La violencia intrafamiliar afecta gravemente la salud mental y física de las personas, como lo demuestra la relación entre el estrés crónico y problemas como trastornos cardiovasculares, digestivos, depresión y ansiedad. La experta subraya que salir de una relación violenta requiere ayuda profesional y el reconocimiento del problema, pero el proceso es complejo debido al miedo, la dependencia económica y las presiones sociales.
En este contexto, varios casos recientes ilustran la gravedad de la situación. En octubre, una mujer fue atacada con un machete por su pareja en Cancún. A pesar de las heridas, se le brindó apoyo para interponer la denuncia. En Navidad, otro caso ocurrió en Chetumal, donde una mujer fue golpeada en el rostro por su esposo durante una discusión; aunque tenía lesiones graves, rechazó ser trasladada al hospital.

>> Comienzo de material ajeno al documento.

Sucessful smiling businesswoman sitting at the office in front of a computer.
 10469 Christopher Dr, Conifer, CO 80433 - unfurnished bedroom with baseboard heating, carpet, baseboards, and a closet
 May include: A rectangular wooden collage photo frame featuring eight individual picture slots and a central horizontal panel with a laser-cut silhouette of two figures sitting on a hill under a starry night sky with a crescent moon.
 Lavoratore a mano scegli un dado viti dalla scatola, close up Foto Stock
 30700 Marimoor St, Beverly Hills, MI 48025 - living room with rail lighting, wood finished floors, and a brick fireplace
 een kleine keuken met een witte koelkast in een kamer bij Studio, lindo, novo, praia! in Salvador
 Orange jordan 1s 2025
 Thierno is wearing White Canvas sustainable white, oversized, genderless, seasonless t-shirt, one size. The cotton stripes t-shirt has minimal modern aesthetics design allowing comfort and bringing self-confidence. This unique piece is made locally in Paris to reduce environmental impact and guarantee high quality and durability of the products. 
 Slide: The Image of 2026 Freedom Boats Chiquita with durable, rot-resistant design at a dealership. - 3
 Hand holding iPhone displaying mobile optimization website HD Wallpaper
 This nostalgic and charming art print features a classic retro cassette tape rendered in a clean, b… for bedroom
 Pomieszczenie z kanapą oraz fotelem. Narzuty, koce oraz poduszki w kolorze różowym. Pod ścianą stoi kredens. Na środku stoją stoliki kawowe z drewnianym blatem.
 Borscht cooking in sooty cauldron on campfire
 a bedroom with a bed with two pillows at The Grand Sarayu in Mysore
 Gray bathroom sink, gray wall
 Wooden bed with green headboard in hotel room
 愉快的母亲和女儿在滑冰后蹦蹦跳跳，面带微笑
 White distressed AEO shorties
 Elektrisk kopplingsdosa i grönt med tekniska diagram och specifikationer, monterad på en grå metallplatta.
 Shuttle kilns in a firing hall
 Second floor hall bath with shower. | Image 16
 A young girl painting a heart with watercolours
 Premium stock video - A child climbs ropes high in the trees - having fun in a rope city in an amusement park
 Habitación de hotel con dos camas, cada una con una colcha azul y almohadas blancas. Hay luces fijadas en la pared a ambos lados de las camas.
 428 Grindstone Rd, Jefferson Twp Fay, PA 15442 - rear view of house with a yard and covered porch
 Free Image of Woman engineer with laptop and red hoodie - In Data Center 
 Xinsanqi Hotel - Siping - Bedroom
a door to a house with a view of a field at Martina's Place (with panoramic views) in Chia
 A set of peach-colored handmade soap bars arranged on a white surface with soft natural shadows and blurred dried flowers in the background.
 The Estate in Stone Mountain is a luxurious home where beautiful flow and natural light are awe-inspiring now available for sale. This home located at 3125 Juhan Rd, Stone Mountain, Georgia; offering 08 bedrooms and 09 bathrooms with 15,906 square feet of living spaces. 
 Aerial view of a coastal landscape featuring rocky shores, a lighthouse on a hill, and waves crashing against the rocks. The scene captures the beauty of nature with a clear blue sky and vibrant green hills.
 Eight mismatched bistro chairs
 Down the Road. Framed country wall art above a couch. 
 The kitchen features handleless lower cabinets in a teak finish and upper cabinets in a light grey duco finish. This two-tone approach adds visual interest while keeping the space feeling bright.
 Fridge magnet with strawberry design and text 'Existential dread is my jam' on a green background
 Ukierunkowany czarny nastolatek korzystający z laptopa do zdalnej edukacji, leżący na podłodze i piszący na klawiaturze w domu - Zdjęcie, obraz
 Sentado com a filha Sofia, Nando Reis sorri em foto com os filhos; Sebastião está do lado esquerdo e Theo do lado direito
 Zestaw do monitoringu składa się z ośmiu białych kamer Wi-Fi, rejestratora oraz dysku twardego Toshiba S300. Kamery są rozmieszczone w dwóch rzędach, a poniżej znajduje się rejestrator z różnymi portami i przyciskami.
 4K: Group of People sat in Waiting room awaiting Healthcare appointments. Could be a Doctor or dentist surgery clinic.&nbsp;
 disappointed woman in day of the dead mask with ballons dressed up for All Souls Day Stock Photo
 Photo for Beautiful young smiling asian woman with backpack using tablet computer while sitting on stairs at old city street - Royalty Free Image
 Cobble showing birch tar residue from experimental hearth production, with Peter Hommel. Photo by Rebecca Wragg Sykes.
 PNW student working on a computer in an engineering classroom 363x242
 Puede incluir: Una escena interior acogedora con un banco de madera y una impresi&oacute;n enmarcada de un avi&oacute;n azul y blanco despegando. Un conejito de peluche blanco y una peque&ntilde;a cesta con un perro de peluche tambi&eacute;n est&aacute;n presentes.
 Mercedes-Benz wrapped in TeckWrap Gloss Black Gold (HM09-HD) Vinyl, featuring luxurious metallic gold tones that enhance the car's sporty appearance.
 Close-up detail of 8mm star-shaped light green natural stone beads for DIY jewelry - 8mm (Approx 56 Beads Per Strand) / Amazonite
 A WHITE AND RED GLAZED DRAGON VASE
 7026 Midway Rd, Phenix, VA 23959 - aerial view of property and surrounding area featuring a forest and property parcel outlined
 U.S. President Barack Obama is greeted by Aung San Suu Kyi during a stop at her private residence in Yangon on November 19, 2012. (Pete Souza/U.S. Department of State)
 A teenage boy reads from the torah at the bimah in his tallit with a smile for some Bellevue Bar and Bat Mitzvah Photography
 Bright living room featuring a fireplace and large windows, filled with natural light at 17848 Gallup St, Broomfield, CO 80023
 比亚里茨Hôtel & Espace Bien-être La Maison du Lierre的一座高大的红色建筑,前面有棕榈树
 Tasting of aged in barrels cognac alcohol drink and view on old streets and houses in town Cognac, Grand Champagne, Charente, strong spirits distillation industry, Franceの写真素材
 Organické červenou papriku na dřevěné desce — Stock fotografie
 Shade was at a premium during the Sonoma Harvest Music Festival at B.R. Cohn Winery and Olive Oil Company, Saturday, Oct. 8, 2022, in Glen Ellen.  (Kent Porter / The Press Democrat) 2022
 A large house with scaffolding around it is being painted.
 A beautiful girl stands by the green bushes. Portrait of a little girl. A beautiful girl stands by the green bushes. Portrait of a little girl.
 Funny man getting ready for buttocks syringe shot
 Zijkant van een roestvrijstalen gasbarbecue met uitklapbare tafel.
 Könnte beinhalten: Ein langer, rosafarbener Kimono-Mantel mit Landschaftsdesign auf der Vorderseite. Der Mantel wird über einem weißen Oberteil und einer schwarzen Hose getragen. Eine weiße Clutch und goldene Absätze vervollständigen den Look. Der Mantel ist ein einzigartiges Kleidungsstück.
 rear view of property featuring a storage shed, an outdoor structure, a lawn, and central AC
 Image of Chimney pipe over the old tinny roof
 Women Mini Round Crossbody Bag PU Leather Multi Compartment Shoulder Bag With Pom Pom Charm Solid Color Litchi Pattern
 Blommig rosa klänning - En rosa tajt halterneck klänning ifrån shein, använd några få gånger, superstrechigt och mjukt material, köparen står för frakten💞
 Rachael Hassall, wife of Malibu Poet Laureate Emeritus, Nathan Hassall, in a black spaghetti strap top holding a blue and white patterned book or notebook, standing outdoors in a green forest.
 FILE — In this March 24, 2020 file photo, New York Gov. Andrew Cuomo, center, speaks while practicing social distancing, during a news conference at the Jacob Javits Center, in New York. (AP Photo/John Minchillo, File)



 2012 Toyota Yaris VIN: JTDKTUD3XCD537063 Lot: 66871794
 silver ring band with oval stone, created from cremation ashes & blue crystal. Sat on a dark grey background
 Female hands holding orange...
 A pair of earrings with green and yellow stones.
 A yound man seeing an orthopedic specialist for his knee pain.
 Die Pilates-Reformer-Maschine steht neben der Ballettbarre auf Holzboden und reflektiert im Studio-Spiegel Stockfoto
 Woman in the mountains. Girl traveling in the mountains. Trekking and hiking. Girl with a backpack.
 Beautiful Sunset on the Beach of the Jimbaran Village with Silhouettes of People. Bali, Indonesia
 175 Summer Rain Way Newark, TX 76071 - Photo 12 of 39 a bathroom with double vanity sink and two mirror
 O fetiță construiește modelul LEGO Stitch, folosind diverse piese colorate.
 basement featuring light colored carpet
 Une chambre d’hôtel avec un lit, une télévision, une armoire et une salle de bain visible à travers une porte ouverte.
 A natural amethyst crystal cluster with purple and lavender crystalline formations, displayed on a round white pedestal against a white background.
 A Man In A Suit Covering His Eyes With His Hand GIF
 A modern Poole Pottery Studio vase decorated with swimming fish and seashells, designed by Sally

El Banco de Datos e Información sobre Casos de Violencia contra las Mujeres en Quintana Roo (BAESVIM) señala que Cancún y Playa del Carmen son “focos rojos” por el alto índice de violencia familiar, especialmente hacia las mujeres. Expertos como la psicóloga Berenice Aguilar Solís consideran urgente que las autoridades implementen nuevas estrategias de seguridad para frenar esta problemática, que tiene causas complejas, como el maltrato infantil, el abuso de sustancias y problemas de salud mental.
Con información del Por Esto!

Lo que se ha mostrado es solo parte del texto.